Thursday, 9 December 2010
9mm Israel Uzi with Wood Stock Review
Deactivated 9mm Israel Uzi with Wood Stock, This gun is 100% legal in the U.K and requires No licenses.
The Uzi (Hebrew: עוזי, officially cased as UZI) is a related family of submachine guns. Smaller variants are considered machine pistols.
The first Uzi submachine gun was designed by Uziel Gal in the late 1940s. The prototype was finished in 1950, and initial service issue began in 1954.
Over its service lifetime, the Uzi was manufactured by Israel Military Industries, FN Herstal, and other manufacturers.
Overview:
The Uzi uses an open-bolt, blowback-operated design. It and the Czechoslovakian series 23 to 26 were the first weapons to use a "telescoping" ("overhung") bolt design, in which the bolt wraps around the breech end of the barrel (Hogg 1979:157-158).
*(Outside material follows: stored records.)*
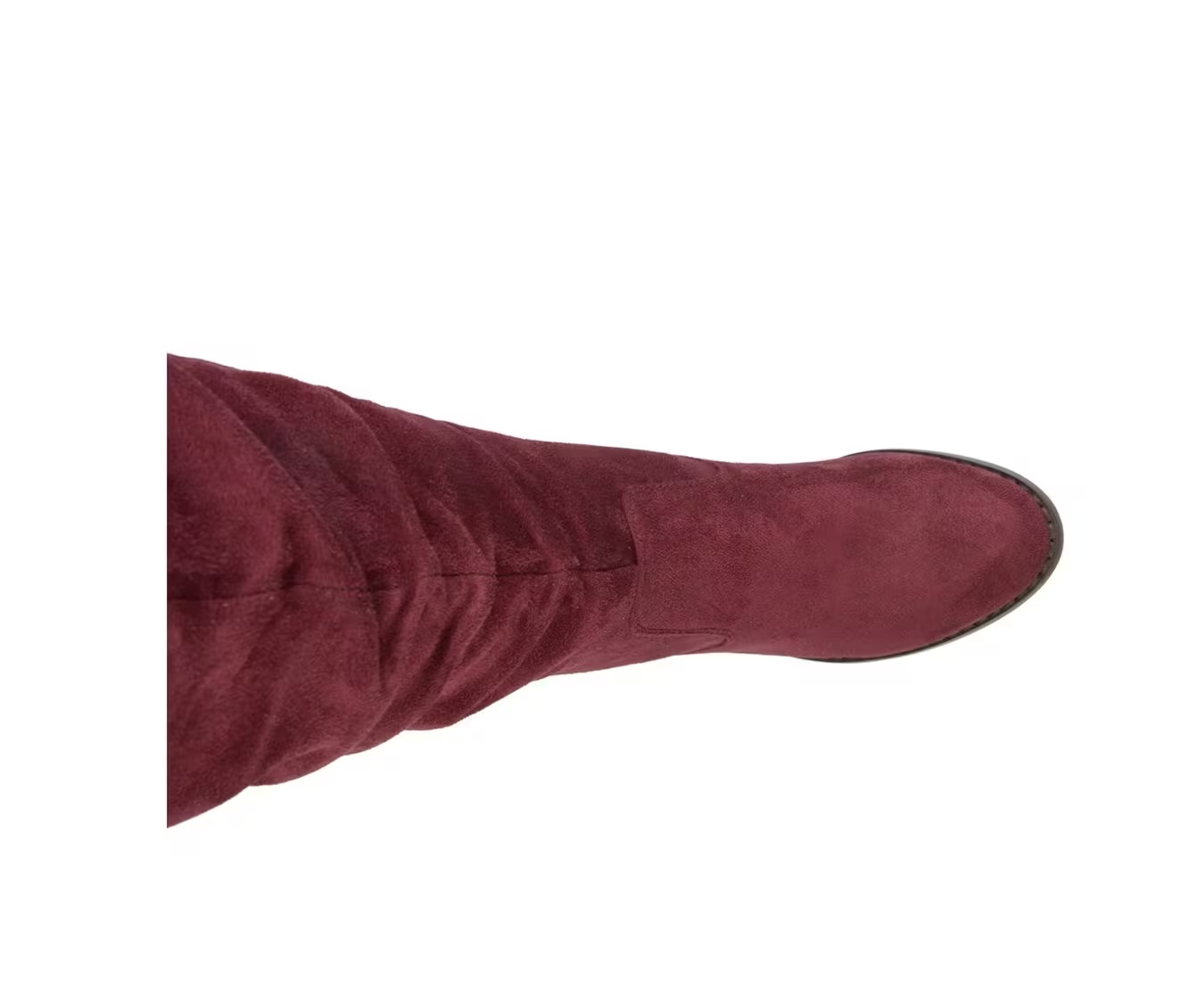 124773-women-x27-s-journee-collection-kaison-wide-calf-over-the-knee-boots-1.jpg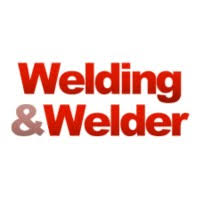 Welding & Welder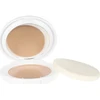 Image de Protections solaires Avène Solaire  Solaire Compact Haute Protection Couleur Spf 50 sable P20019405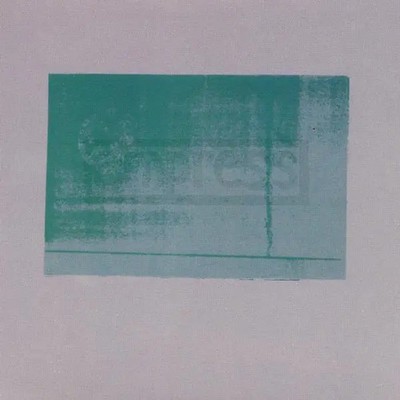 CD Empress Homeward Sounds EP Pehr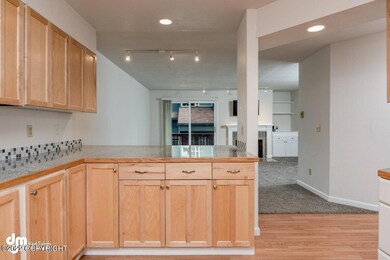Kitchen_MAX1606-Edit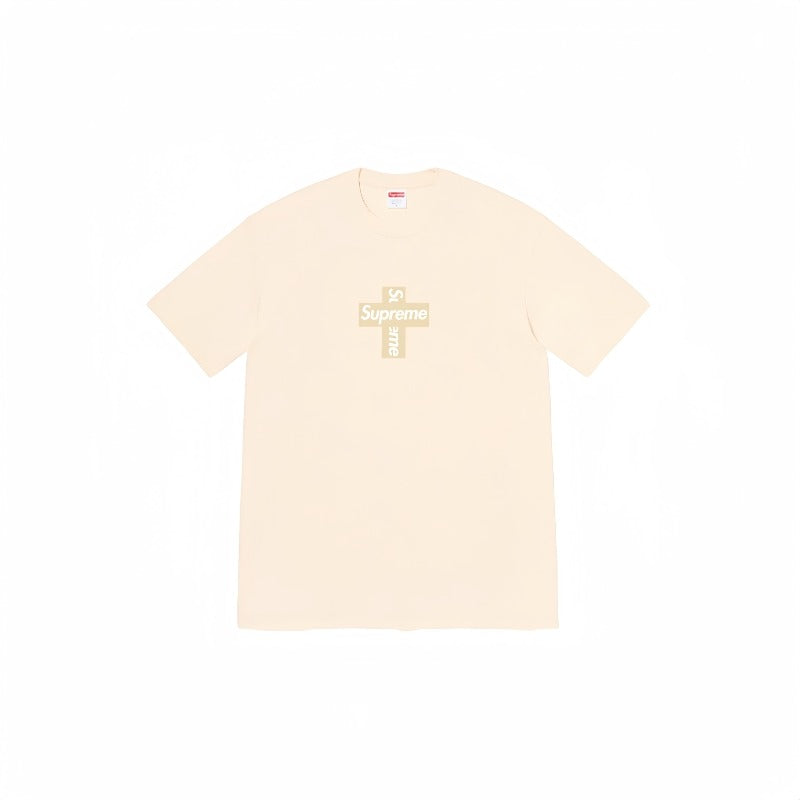 Supreme T Shirts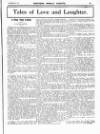 Northern Weekly Gazette Saturday 20 September 1924 Page 15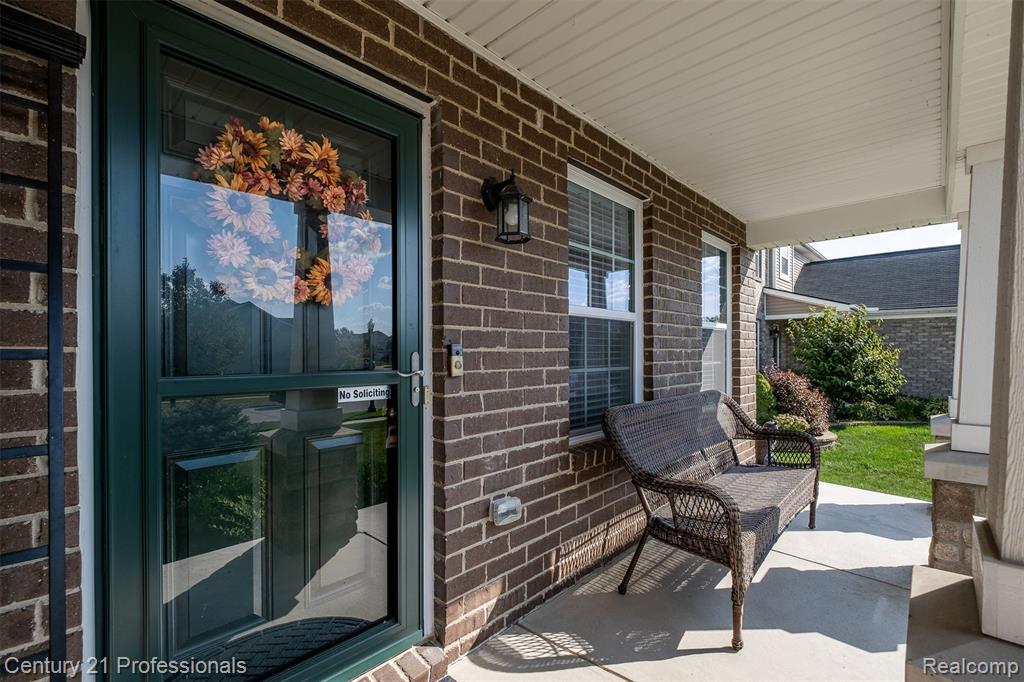 6755 Shula, Ypsilanti, MI 48197 — Photo 15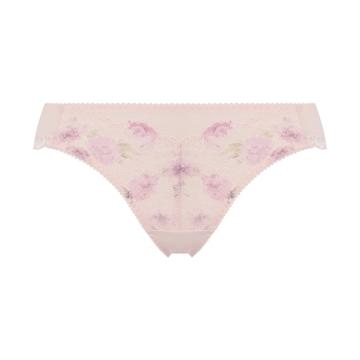 天使のブラ スリムライン632 レギュラーショーツ3 新商品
This allows the barrel to be moved far back into the receiver and the magazine to be housed in the pistol grip, allowing for a heavier, slower-firing bolt in a shorter, better-balanced weapon.
The weapon is constructed primarily from stamped sheet metal, making it less expensive per unit to manufacture than an equivalent design machined from forgings. With relatively few moving parts, the Uzi is easy to strip for maintenance or repair. The magazine is housed within the pistol grip, allowing for intuitive and easy reloading in dark or difficult conditions, under the principle of 'hand finds hand'. The pistol grip is fitted with a grip safety, making it difficult to fire accidentally. However, the protruding vertical magazine also makes the gun awkward to fire when prone.
When the gun is decocked, the ejector port closes, preventing entry of dust and dirt. Though the Uzi's stamped-metal receiver is equipped with pressed reinforcement slots to accept accumulated dirt and sand, the weapon can still jam with heavy accumulations of sand in desert combat conditions when not cleaned regularly.